What you are asked to do
Copy out every line of the records where the string "wooden" occurs.
*** Opening Source material ***
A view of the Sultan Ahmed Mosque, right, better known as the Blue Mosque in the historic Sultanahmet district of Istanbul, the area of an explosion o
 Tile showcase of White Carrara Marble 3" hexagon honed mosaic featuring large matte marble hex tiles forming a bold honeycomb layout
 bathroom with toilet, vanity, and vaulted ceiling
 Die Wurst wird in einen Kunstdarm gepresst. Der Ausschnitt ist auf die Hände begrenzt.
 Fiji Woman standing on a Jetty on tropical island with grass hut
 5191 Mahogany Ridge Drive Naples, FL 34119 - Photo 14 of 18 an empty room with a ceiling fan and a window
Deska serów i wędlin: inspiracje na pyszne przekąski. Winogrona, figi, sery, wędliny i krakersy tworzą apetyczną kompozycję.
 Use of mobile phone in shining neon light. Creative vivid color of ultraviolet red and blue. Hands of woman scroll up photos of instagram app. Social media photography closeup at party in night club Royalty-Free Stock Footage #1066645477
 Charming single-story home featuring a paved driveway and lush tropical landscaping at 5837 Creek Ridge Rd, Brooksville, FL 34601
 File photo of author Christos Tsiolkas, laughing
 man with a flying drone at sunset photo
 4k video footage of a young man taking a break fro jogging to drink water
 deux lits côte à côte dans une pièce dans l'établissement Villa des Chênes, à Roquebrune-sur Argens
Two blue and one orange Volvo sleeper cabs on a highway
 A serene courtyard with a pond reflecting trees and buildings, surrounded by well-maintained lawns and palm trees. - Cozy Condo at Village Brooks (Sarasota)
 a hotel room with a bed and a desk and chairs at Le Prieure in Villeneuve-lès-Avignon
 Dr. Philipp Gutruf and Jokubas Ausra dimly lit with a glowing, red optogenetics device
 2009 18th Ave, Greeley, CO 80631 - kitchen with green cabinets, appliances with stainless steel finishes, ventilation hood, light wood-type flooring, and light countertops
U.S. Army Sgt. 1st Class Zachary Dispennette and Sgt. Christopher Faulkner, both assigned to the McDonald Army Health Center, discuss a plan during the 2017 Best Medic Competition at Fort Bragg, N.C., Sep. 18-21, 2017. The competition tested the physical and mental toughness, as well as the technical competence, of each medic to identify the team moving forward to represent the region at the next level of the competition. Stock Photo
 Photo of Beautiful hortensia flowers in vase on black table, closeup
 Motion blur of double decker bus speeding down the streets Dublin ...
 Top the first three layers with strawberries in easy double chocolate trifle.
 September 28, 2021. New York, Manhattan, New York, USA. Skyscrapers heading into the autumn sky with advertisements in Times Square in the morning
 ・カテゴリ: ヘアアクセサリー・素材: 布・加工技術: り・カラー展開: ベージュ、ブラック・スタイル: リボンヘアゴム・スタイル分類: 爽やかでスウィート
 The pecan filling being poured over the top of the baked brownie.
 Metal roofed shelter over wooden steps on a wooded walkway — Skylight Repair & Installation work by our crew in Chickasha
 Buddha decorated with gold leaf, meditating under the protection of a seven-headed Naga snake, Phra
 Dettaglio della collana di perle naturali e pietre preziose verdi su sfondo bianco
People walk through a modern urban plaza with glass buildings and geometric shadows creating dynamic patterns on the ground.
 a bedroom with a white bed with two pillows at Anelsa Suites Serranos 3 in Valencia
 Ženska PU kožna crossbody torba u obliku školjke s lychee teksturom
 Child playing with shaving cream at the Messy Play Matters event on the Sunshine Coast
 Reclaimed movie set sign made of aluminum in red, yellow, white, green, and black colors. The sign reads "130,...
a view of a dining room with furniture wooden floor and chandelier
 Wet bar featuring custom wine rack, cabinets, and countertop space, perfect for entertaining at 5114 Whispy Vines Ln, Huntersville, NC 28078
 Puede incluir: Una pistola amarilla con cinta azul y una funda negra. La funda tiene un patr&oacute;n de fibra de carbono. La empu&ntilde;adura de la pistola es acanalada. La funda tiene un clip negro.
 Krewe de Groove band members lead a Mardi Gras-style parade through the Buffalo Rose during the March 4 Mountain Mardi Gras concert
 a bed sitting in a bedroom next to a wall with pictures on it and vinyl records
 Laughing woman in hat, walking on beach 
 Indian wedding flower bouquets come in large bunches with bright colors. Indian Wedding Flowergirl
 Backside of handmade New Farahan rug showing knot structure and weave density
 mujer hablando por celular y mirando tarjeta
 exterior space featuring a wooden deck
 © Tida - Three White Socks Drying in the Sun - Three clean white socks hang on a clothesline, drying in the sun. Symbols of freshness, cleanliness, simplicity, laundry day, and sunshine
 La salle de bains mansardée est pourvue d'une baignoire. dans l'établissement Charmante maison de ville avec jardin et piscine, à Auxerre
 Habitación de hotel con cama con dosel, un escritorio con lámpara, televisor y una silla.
*** Closing Source material ***
Reply
 Metal roofed shelter over wooden steps on a wooded walkway — Skylight Repair & Installation work by our crew in Chickasha
a view of a dining room with furniture wooden floor and chandelier
 exterior space featuring a wooden deck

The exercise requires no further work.